▶ Data excerpt
>>

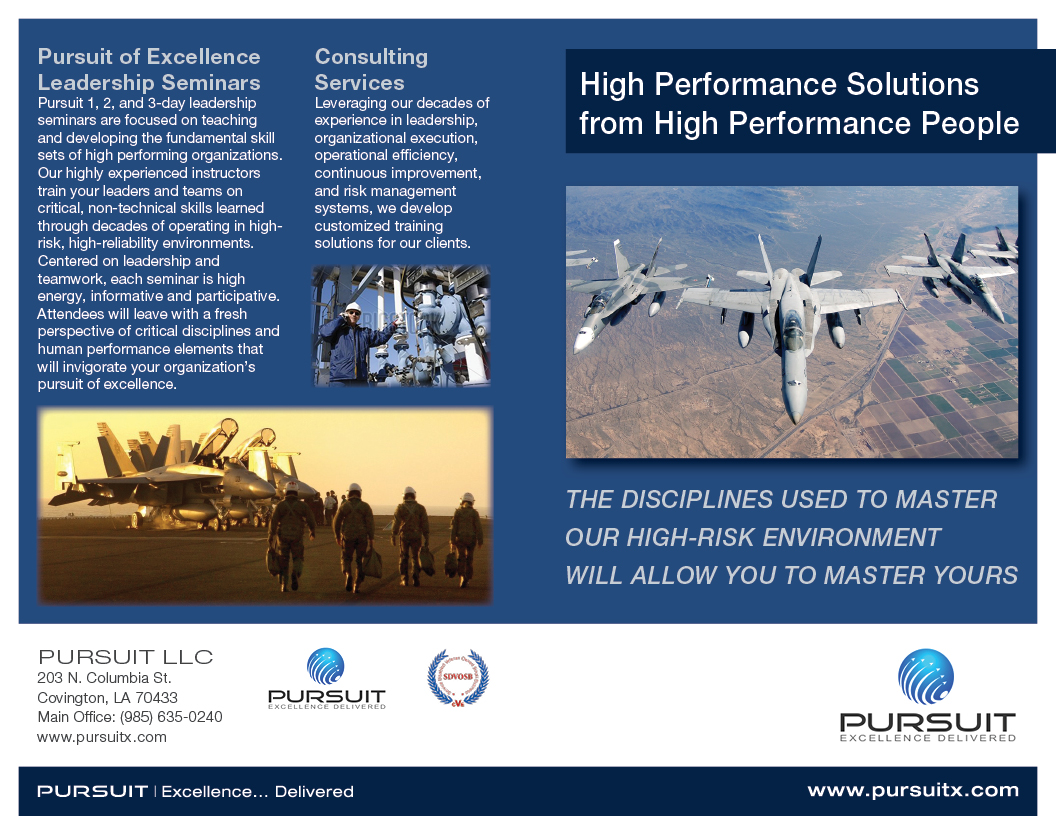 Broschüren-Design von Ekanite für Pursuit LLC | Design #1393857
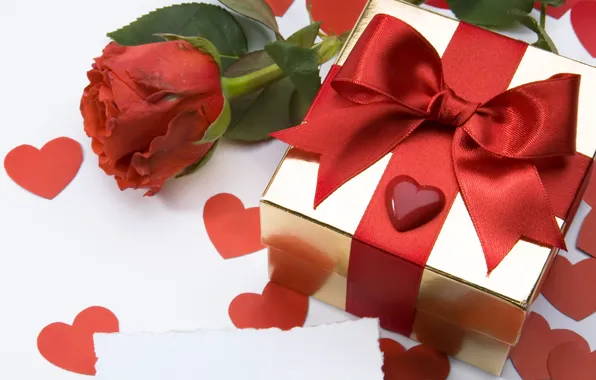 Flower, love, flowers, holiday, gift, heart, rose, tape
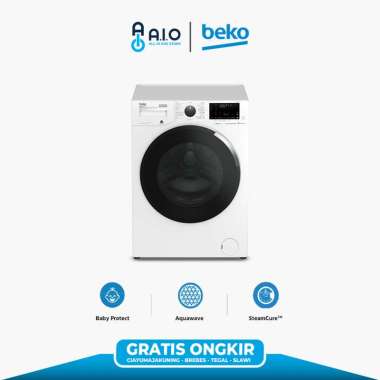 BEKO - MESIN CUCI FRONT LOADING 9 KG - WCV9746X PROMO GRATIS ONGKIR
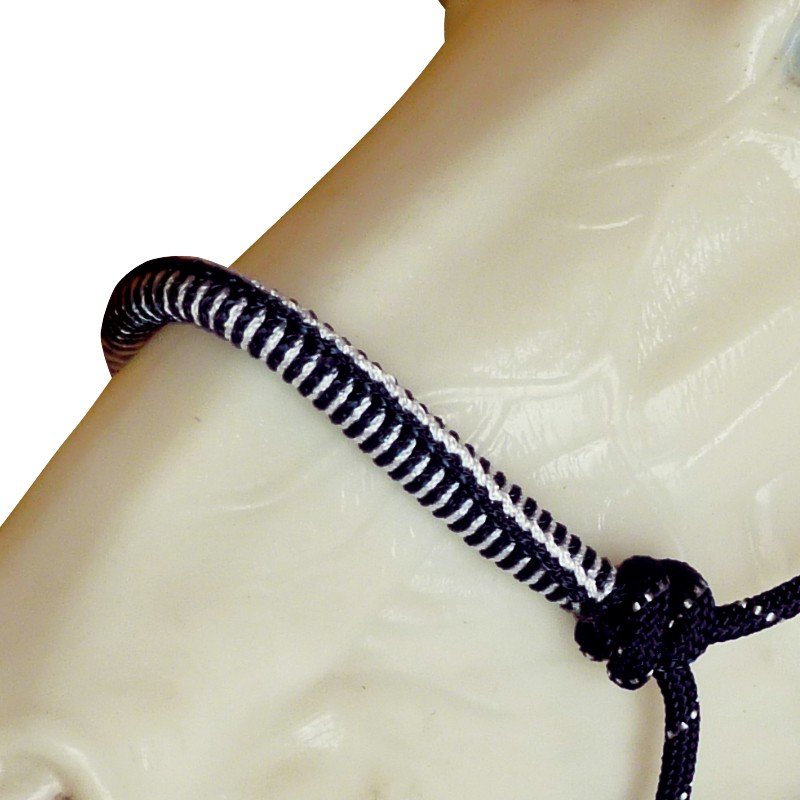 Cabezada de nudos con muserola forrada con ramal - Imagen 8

<<

▶ Task goal
Write out the material above exactly; no pictures.

▶ Problem solution
 Broschüren-Design von Ekanite für Pursuit LLC | Design #1393857
 Flower, love, flowers, holiday, gift, heart, rose, tape
 BEKO - MESIN CUCI FRONT LOADING 9 KG - WCV9746X PROMO GRATIS ONGKIR
 Cabezada de nudos con muserola forrada con ramal - Imagen 8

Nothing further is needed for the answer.